Likelihood of Confusion
The Examining Attorney has refused registration of Applicant’s Mark because of a likelihood of confusion with the mark that is the subject of U.S. Reg. No. 4824241 (the “Cited Mark”). For the following reasons, Applicant respectfully requests that the Examining Attorney withdraw this refusal.
First, Applicant respectfully submits that Applicant’s Mark is not likely to create confusion with the Cited Mark because Applicant’s goods and services are not sufficiently related to the goods or services for which the Cited Mark is registered to give rise to a likelihood of confusion. The Examining Attorney asserts that Applicant’s goods and services and the goods and services for which the Cited Mark is registered are of a type likely to be offered by the same source. Applicant respectfully disagrees. On the contrary, Applicant respectfully submits that Applicant’s goods and services and the registrant’s goods and services are unlikely to be offered by the same source, and are further distinguished by their nature and trade channels.
Applicant’s goods are leather hides and upholstery leather sold for the purpose of manufacturing finished goods. Applicant’s services are wholesale and retail services of these leather materials through direct solicitation by sales professionals. In contrast, the registrant’s goods are finished consumer products, namely apparel and accessories for women (some of which may be made of leather or imitation leather), sold through online consumer retail channels, such as registrant’s website. (See Exhibit B.) Trademark Office policy dictates that “there can be no rule that certain goods or services are per se related, such that there must be a likelihood of confusion from the use of similar marks in relation thereto.” T.M.E.P. § 1207.01(a)(iv). In other words, the facts that Applicant’s goods and services and the goods and services for which the Cited Mark is registered both relate, in some manner, to leather does not necessitate the conclusion that their respective offerings are so similar that confusion among consumers is likely when similar marks are used for both. Tellingly, the Examining Attorney’s evidence does not show sales by the same companies of both leather hides and upholstery leather used in the manufacture of finished goods alongside finished goods such as luggage, apparel and accessories for women. Applicant submits that Applicant’s goods and services, namely leather materials sold for use in the manufacture of finished goods, are so distinct from the goods identified in the registration for the Cited Mark, namely luggage, apparel and accessories for women sold online to consumers, that confusion of any kind is highly unlikely.

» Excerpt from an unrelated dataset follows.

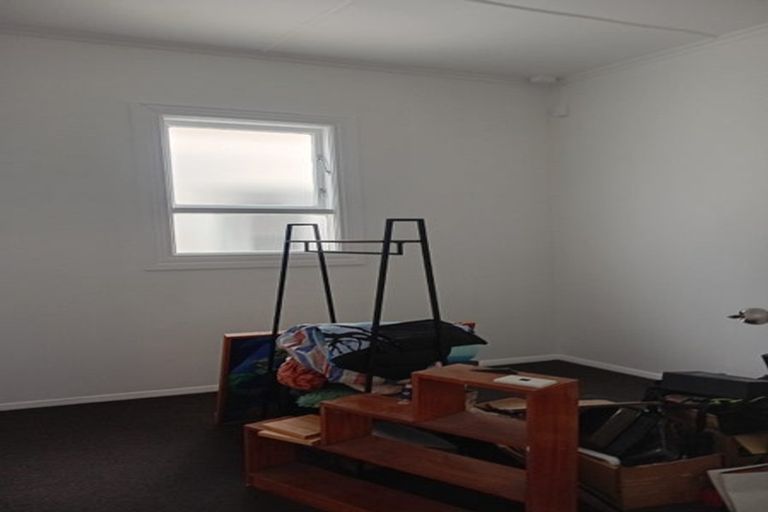 Photo of property in 15 Millward Street, Newtown, Wellington, 6021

Moreover, Applicant’s goods are leather materials sold for the purpose of manufacturing finished goods. Applicant’s services are wholesale and retail services of these leather materials through direct solicitation by sales professionals. Applicant’s goods and services are marketed and sold by Applicant to manufacturers of goods (i.e. furniture manufacturers, hand bag manufacturers, manufactures of automotive seating, and the like) and to retailers of goods. (See Exhibit A.) Applicant’s customers will undoubtedly know the source of Applicant’s goods and services by virtue how Applicant sells its good and services—that is namely through communication and relationship between Applicant’s customers and Applicant’s sales professionals. Further, Applicant’s professional purchasers, namely manufacturers and retailers of goods, are likely to be sophisticated in their purchasing decisions and will undoubtedly know the source of Applicant’s goods and services. It is a well-recognized principle that purchasers exercising care in buying decisions are less likely to be confused even by marks that are similar in appearance. See T.M.E.P. § 1207.01(d)(vii) (circumstances suggesting care in purchasing tend to minimize likelihood of confusion); see also In re N.A.D., Inc., 224 USPQ 969, 971 (Fed. Cir. 1985) (no likelihood of confusion where, inter alia, relevant buyers were sophisticated purchasers who “would buy with great care and unquestionably know the source of the goods”).
In contrast to Applicant’s goods and services, the registrant’s goods are finished consumer products, namely, luggage, apparel and accessories for women, sold through online consumer retail channels, such as registrant’s website. (See Exhibit B.). Based on the nature of the registrant’s goods and services, registrant’s customers are likely to be ordinary consumers, rather than professional industry purchasers such as manufacturers or retailers of goods. These factors indicate that Applicant’s and registrant’s goods and services are unrelated in the marketplace. Further, these factors indicate that Applicant and registrant provide goods and services to wholly unrelated classes of customers through trade channels that do not overlap. Where an Applicant’s and registrant’s goods and services are dissimilar, their trade channels do not overlap, and their classes of purchasers are unrelated and include sophisticated purchasers, there is no likelihood of confusion. See Coach Servs., Inc. v. Triumph Learning LLC, 668 F.3d 1356, 1371 (Fed. Cir. 2012) (affirming Board conclusion that confusion was unlikely where goods, trade channels and class of consumers differed between the parties). Accordingly, Applicant’s Mark is unlikely to create confusion of any kind with the Cited Mark.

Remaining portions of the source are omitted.